## MATERIAL FOR THIS TASK
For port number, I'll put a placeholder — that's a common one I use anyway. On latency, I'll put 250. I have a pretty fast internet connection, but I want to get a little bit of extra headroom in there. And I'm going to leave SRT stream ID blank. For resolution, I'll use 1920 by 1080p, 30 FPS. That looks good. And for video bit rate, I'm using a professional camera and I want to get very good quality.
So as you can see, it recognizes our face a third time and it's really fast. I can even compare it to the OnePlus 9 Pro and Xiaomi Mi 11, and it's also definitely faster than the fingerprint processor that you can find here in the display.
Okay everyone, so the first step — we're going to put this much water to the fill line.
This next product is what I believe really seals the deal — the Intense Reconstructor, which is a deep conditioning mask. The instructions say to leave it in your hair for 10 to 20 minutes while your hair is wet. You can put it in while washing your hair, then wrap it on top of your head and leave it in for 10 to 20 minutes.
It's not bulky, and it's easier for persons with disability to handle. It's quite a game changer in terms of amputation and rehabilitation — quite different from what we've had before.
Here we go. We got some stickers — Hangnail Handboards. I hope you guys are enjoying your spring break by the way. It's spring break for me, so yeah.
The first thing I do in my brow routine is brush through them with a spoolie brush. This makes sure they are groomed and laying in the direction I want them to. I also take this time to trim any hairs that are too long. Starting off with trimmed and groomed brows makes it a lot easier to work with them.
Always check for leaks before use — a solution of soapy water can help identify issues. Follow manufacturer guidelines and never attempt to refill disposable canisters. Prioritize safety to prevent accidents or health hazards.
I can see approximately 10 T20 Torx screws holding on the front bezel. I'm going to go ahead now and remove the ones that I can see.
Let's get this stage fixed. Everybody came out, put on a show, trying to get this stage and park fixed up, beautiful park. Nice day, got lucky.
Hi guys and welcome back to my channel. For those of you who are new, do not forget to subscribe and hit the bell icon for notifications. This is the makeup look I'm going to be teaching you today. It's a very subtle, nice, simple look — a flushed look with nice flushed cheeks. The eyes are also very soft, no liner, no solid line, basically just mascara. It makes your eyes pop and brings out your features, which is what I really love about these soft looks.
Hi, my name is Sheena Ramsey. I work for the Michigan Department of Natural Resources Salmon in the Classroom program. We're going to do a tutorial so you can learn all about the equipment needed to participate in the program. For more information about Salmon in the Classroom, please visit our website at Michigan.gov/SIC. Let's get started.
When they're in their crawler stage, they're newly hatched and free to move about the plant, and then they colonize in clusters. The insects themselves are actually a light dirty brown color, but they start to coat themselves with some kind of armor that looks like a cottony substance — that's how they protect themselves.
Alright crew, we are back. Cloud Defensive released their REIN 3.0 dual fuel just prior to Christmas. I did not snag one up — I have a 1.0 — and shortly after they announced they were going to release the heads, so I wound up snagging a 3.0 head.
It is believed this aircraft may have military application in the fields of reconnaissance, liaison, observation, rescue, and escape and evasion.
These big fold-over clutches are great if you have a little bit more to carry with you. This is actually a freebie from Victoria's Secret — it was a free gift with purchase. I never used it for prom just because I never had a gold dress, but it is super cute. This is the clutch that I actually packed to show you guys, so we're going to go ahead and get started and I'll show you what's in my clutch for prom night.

## PROBLEM STATEMENT
When you copy the data, keep every line word for word.

## TASK OUTPUT
For port number, I'll put a placeholder — that's a common one I use anyway. On latency, I'll put 250. I have a pretty fast internet connection, but I want to get a little bit of extra headroom in there. And I'm going to leave SRT stream ID blank. For resolution, I'll use 1920 by 1080p, 30 FPS. That looks good. And for video bit rate, I'm using a professional camera and I want to get very good quality.
So as you can see, it recognizes our face a third time and it's really fast. I can even compare it to the OnePlus 9 Pro and Xiaomi Mi 11, and it's also definitely faster than the fingerprint processor that you can find here in the display.
Okay everyone, so the first step — we're going to put this much water to the fill line.
This next product is what I believe really seals the deal — the Intense Reconstructor, which is a deep conditioning mask. The instructions say to leave it in your hair for 10 to 20 minutes while your hair is wet. You can put it in while washing your hair, then wrap it on top of your head and leave it in for 10 to 20 minutes.
It's not bulky, and it's easier for persons with disability to handle. It's quite a game changer in terms of amputation and rehabilitation — quite different from what we've had before.
Here we go. We got some stickers — Hangnail Handboards. I hope you guys are enjoying your spring break by the way. It's spring break for me, so yeah.
The first thing I do in my brow routine is brush through them with a spoolie brush. This makes sure they are groomed and laying in the direction I want them to. I also take this time to trim any hairs that are too long. Starting off with trimmed and groomed brows makes it a lot easier to work with them.
Always check for leaks before use — a solution of soapy water can help identify issues. Follow manufacturer guidelines and never attempt to refill disposable canisters. Prioritize safety to prevent accidents or health hazards.
I can see approximately 10 T20 Torx screws holding on the front bezel. I'm going to go ahead now and remove the ones that I can see.
Let's get this stage fixed. Everybody came out, put on a show, trying to get this stage and park fixed up, beautiful park. Nice day, got lucky.
Hi guys and welcome back to my channel. For those of you who are new, do not forget to subscribe and hit the bell icon for notifications. This is the makeup look I'm going to be teaching you today. It's a very subtle, nice, simple look — a flushed look with nice flushed cheeks. The eyes are also very soft, no liner, no solid line, basically just mascara. It makes your eyes pop and brings out your features, which is what I really love about these soft looks.
Hi, my name is Sheena Ramsey. I work for the Michigan Department of Natural Resources Salmon in the Classroom program. We're going to do a tutorial so you can learn all about the equipment needed to participate in the program. For more information about Salmon in the Classroom, please visit our website at Michigan.gov/SIC. Let's get started.
When they're in their crawler stage, they're newly hatched and free to move about the plant, and then they colonize in clusters. The insects themselves are actually a light dirty brown color, but they start to coat themselves with some kind of armor that looks like a cottony substance — that's how they protect themselves.
Alright crew, we are back. Cloud Defensive released their REIN 3.0 dual fuel just prior to Christmas. I did not snag one up — I have a 1.0 — and shortly after they announced they were going to release the heads, so I wound up snagging a 3.0 head.
It is believed this aircraft may have military application in the fields of reconnaissance, liaison, observation, rescue, and escape and evasion.
These big fold-over clutches are great if you have a little bit more to carry with you. This is actually a freebie from Victoria's Secret — it was a free gift with purchase. I never used it for prom just because I never had a gold dress, but it is super cute. This is the clutch that I actually packed to show you guys, so we're going to go ahead and get started and I'll show you what's in my clutch for prom night.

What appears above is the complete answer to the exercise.